Records to use START

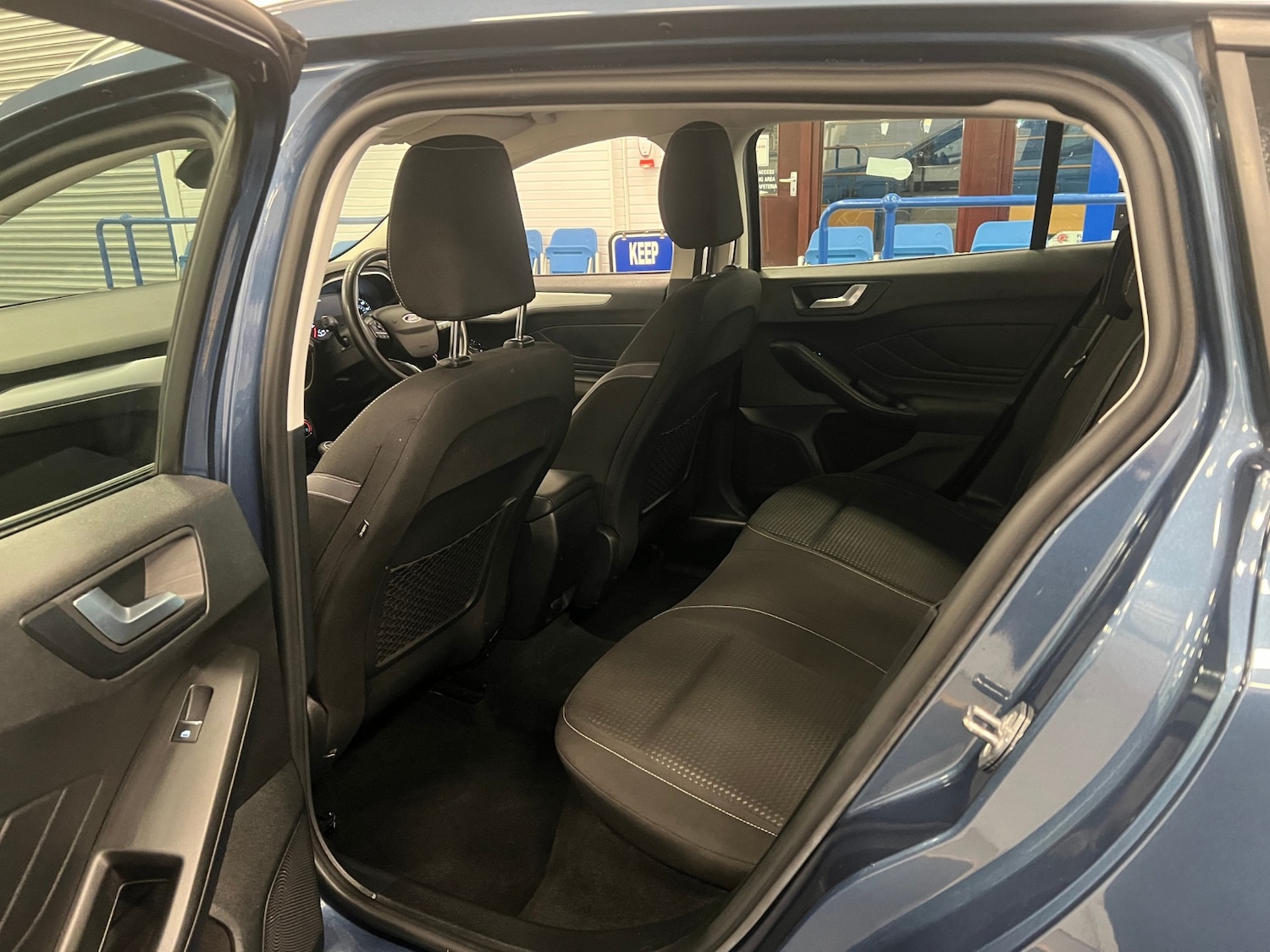 Used Ford Focus 2022 for sale - 77984535: Photo 9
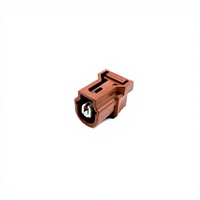 Connecteur femelle scellé 1 voie CT1-0014M-1 pour faisceau de câblage d'alternateur de générateur Honda CRV – Vente en gros usine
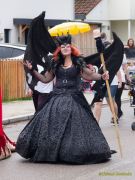150 Jahre Feuerwehr Unterhaching - Festsonntag mit Grossem Festzug 150 Jahre Feuerwehr Unterhaching - Festsonntag mit Grossem Festzug
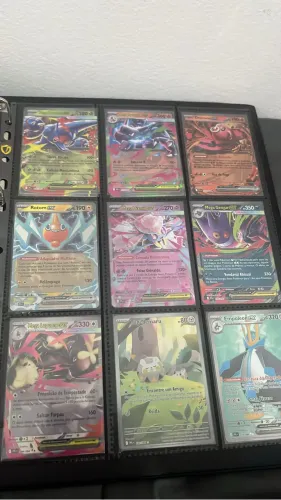 Clefairy ex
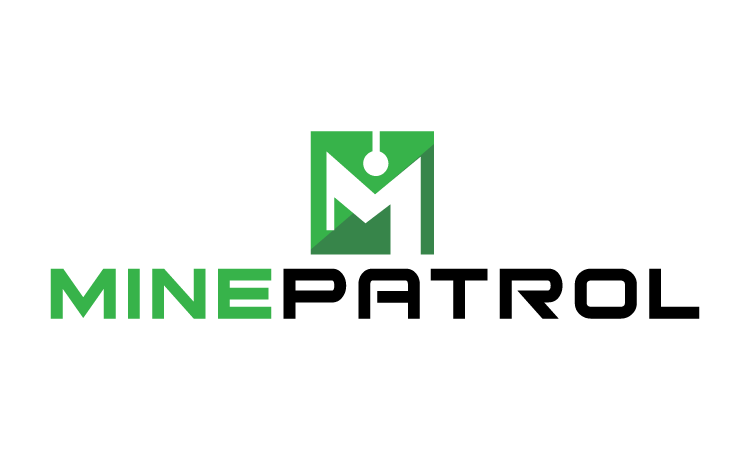 MinePatrol logo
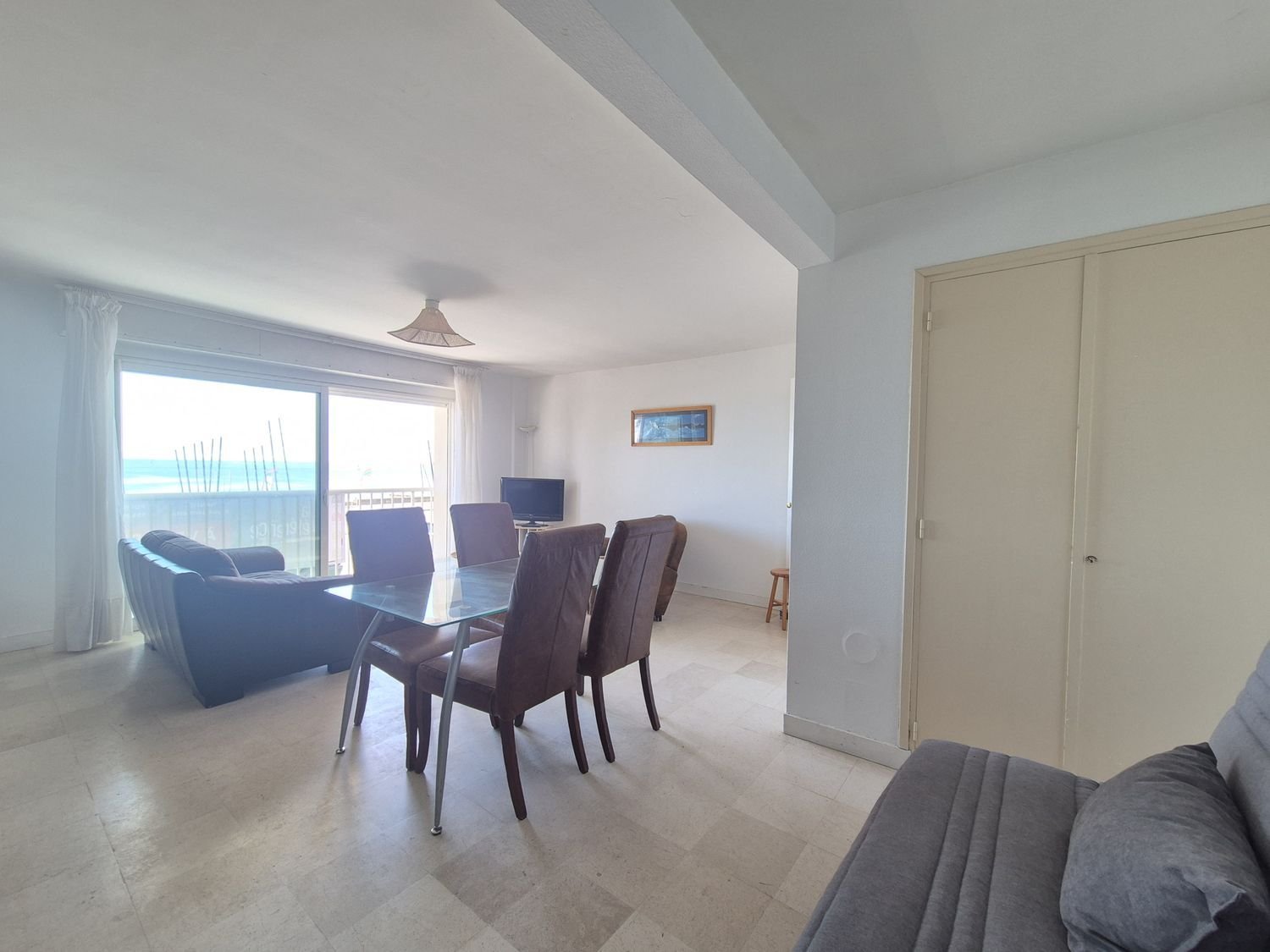 Appartement à vendre, 59m², La Baule-Escoublac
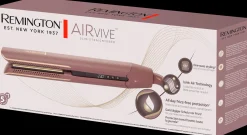 Remington AIRvive™ suoristusrauta S8930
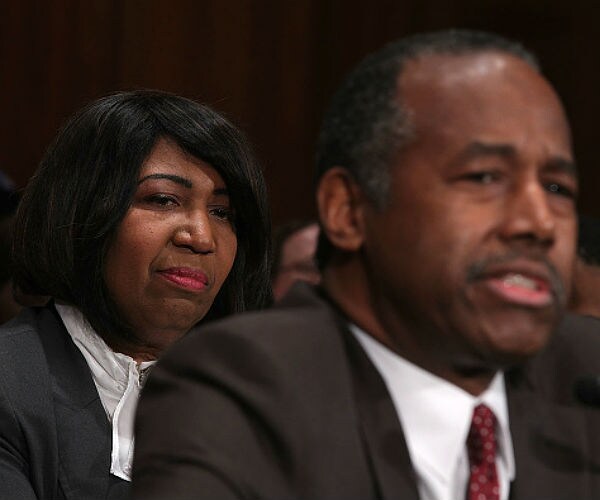 Ben and Candy Carson: Fight Bigotry With the 'Right Tools'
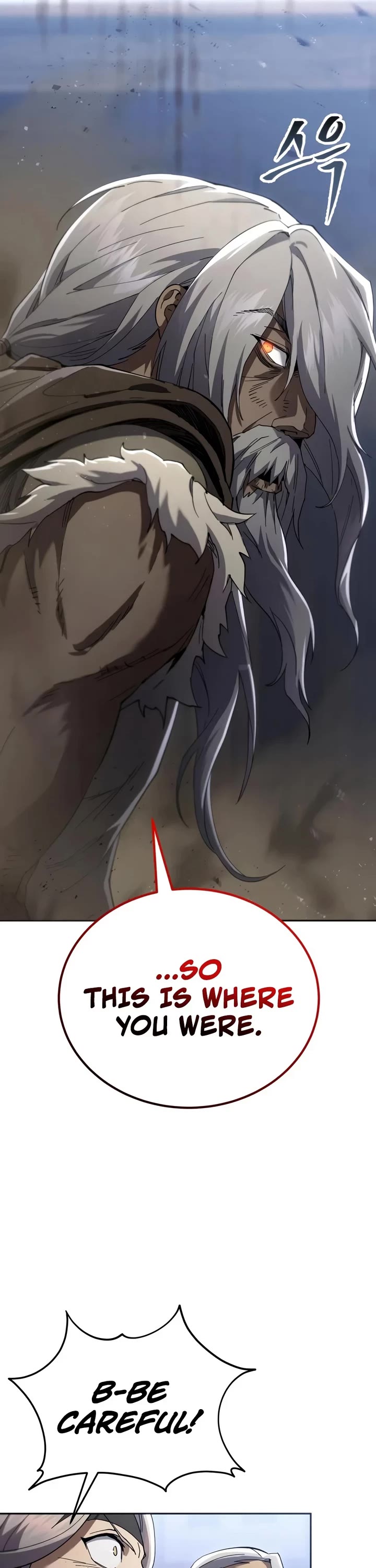 The Heavenly Demon Wants a Quiet Life Chapter 85 page 61 - Chapter 85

Records to use END

• [Task to complete]:
Each line from the one that contains "Remington AIRvive™ suoristusrauta S8930" to the end of the listing must be quoted exactly; no other line and no picture belongs in the copy.

• [Task output]:
 Remington AIRvive™ suoristusrauta S8930
 Ben and Candy Carson: Fight Bigotry With the 'Right Tools'
 The Heavenly Demon Wants a Quiet Life Chapter 85 page 61 - Chapter 85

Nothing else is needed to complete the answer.